Some people waste it. Others kill it. Some race against it. Some are on it, others behind it. All of us desperately want more of it.
It marches. It can be measured. It keeps. But it waits for no one. And someday, according to scripture, it shall be no more.
What is it?
Time.
It’s the beginning of a new year. A time for new beginnings, new opportunities, and chasing those dreams that God has placed in our hearts.
You might say, we have time on our hands, and these two verses from Ephesians give us some advice on what to do with it.
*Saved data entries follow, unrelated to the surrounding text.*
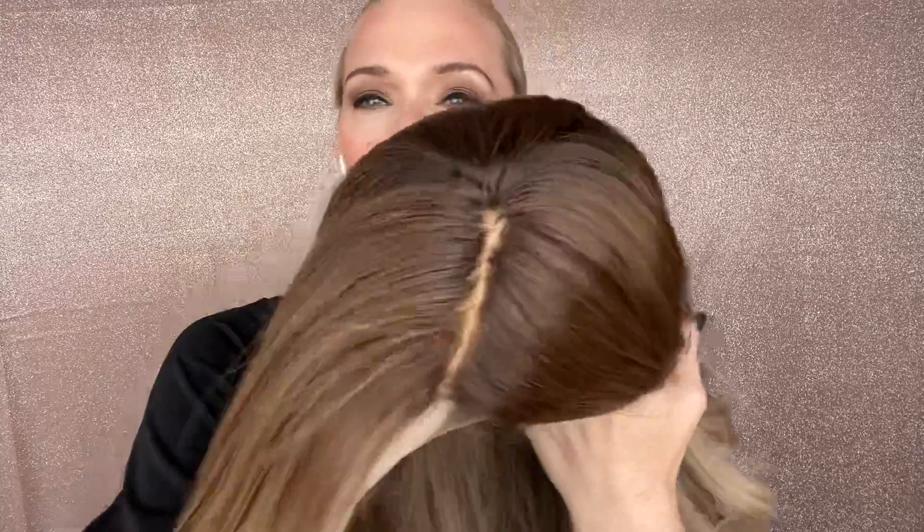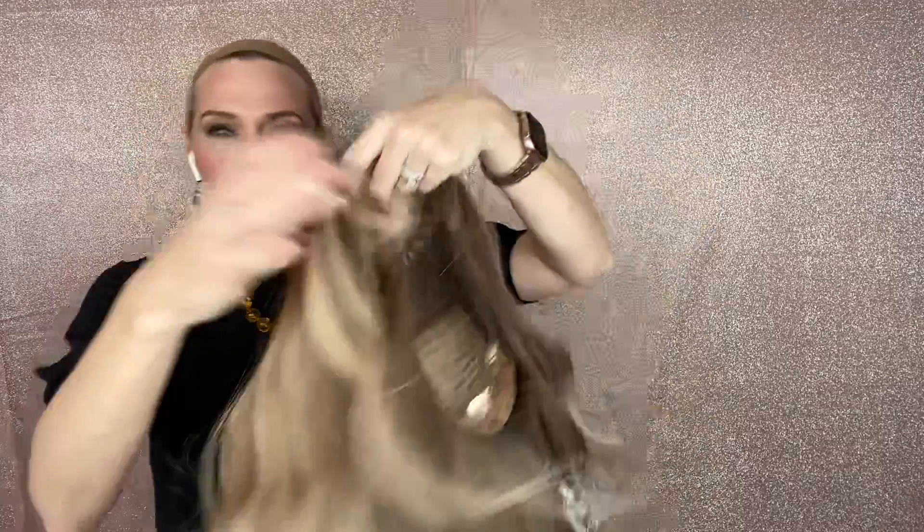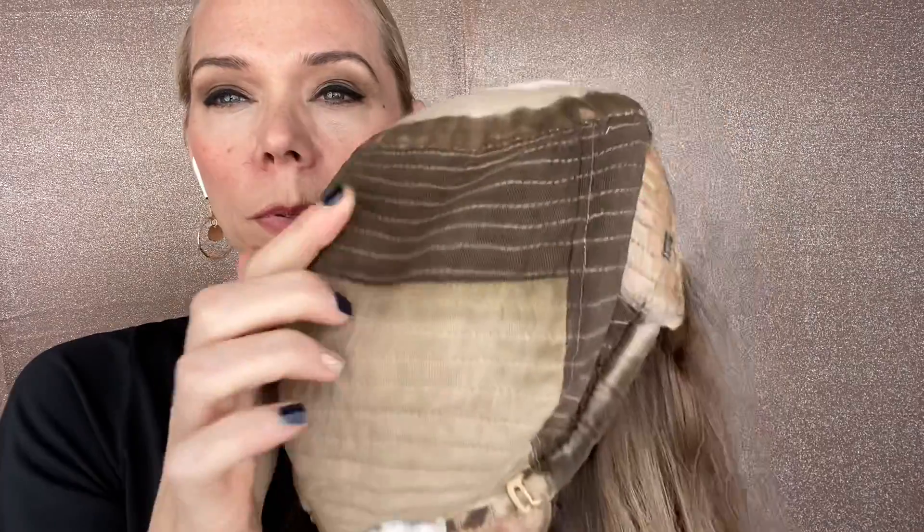The base is fairly warm and the highlights are neutral. Close wefting with adjustable straps, ear tabs, and a silk top lace front. I'll put a link below to this exact wig.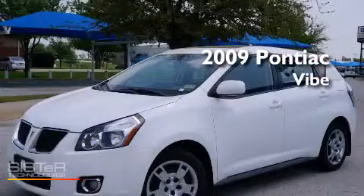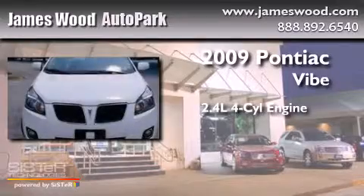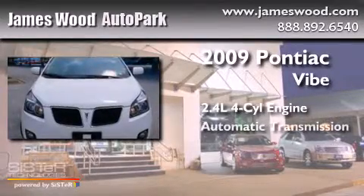This is a 2009 Pontiac Vibe. It features a 2.4-liter four-cylinder engine and an automatic transmission.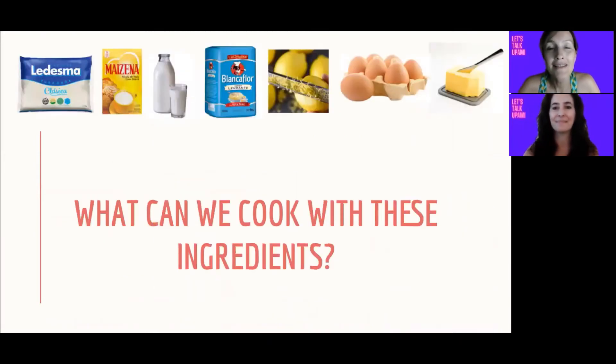Ok, and what can we cook with these ingredients? ¿Qué les parece que podemos cocinar con estos ingredientes que tenemos aquí? Para aquellas que no estuvieron en la clase, esta fue una de las preguntas que estuvimos trabajando, y surgieron varias ideas. Nos gustaría, con Mary también, que compartan las opciones que se les ocurren que podrían preparar con estos ingredientes.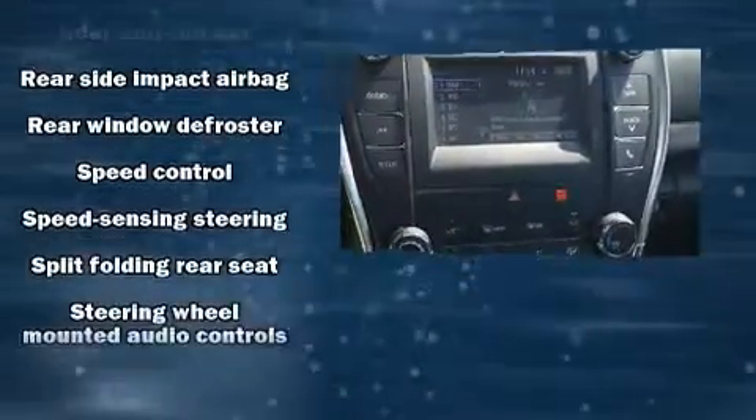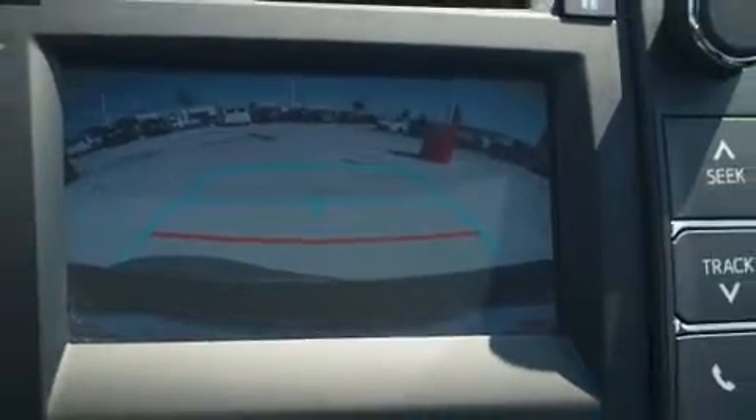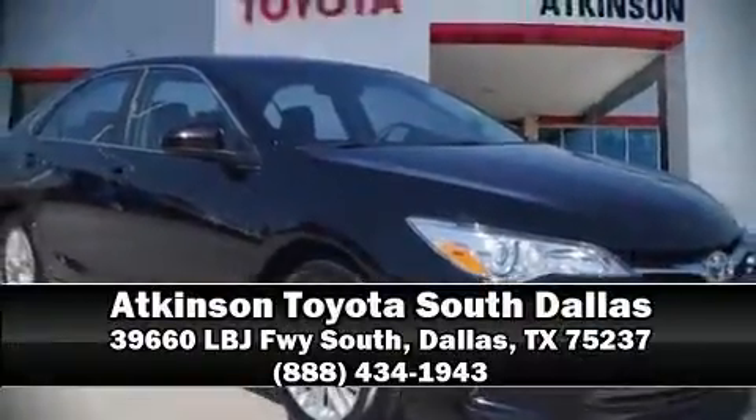This vehicle has achieved certified pre-owned status by passing Toyota's comprehensive certification process. Please don't hesitate to give us a call.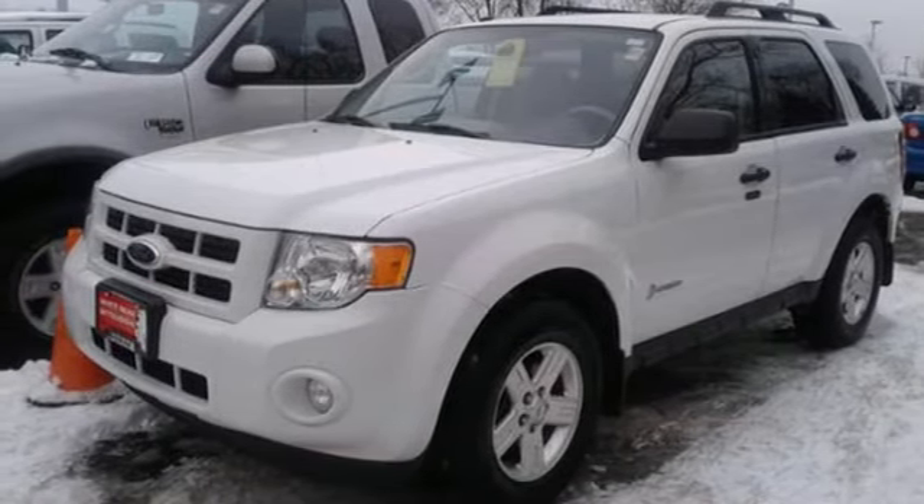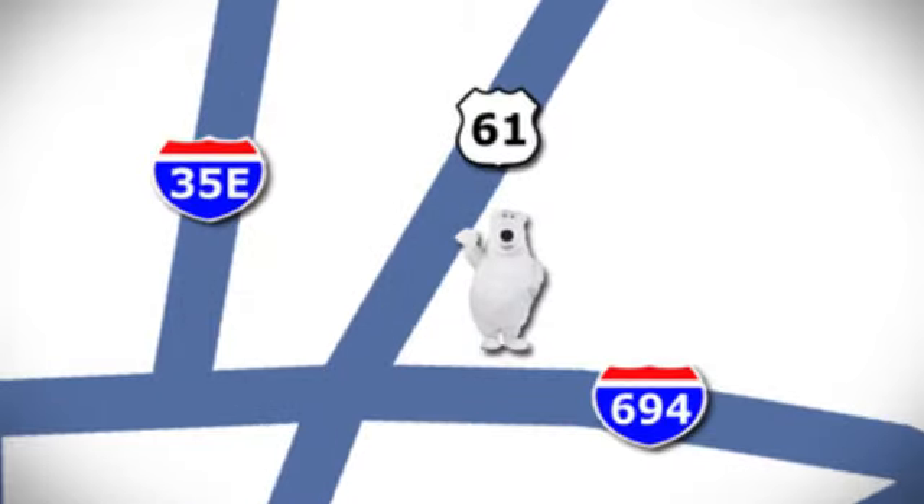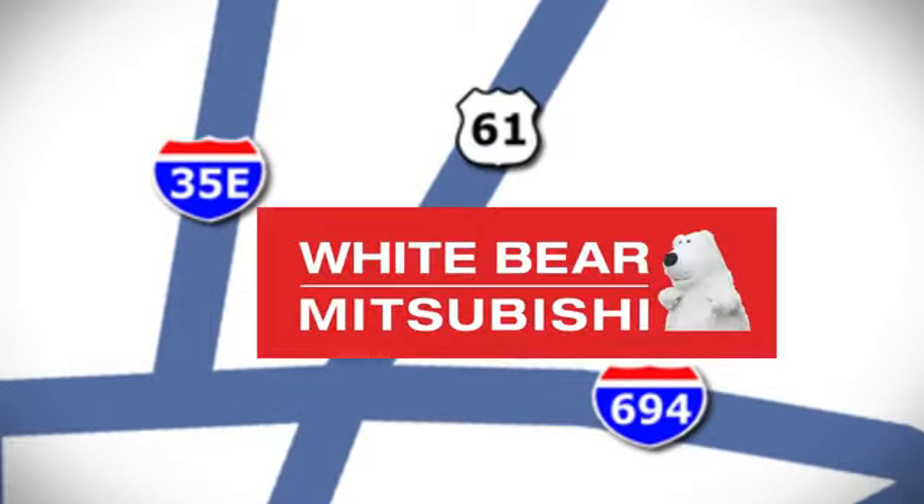There's even more to see in person. Take it for a test drive today. We're conveniently located at 3400 Highway 61 North in White Bear Lake, Minnesota.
The word translated “redeeming” in this passage literally means “to purchase for the purpose of setting free.” It is used to describe what Christ did for us through the cross. The apostle Peter reminds us that we were redeemed “not with corruptible things like silver or gold but with the precious blood of Christ.” (I Peter 1:18-19) I strongly suspect that the apostle Paul chose this word here in Ephesians to communicate to you and me just how sacred time is. Super Bowl advertisements for 2021 are costing $5.6 million dollars for thirty seconds, but the truth is time can be much more valuable than that. When Queen Elizabeth I was on her deathbed, it’s reported that she said, “All my possessions for a moment of time.”
So, time is valuable. Time is sacred.
Psalm 90:12 offers some good advice to all of us when it encourages us saying, “Teach us to number our days, that we may gain a heart of wisdom.”
Let me encourage you to take some time today, and in the days ahead, to ask God to help you make the most of your time in this new year.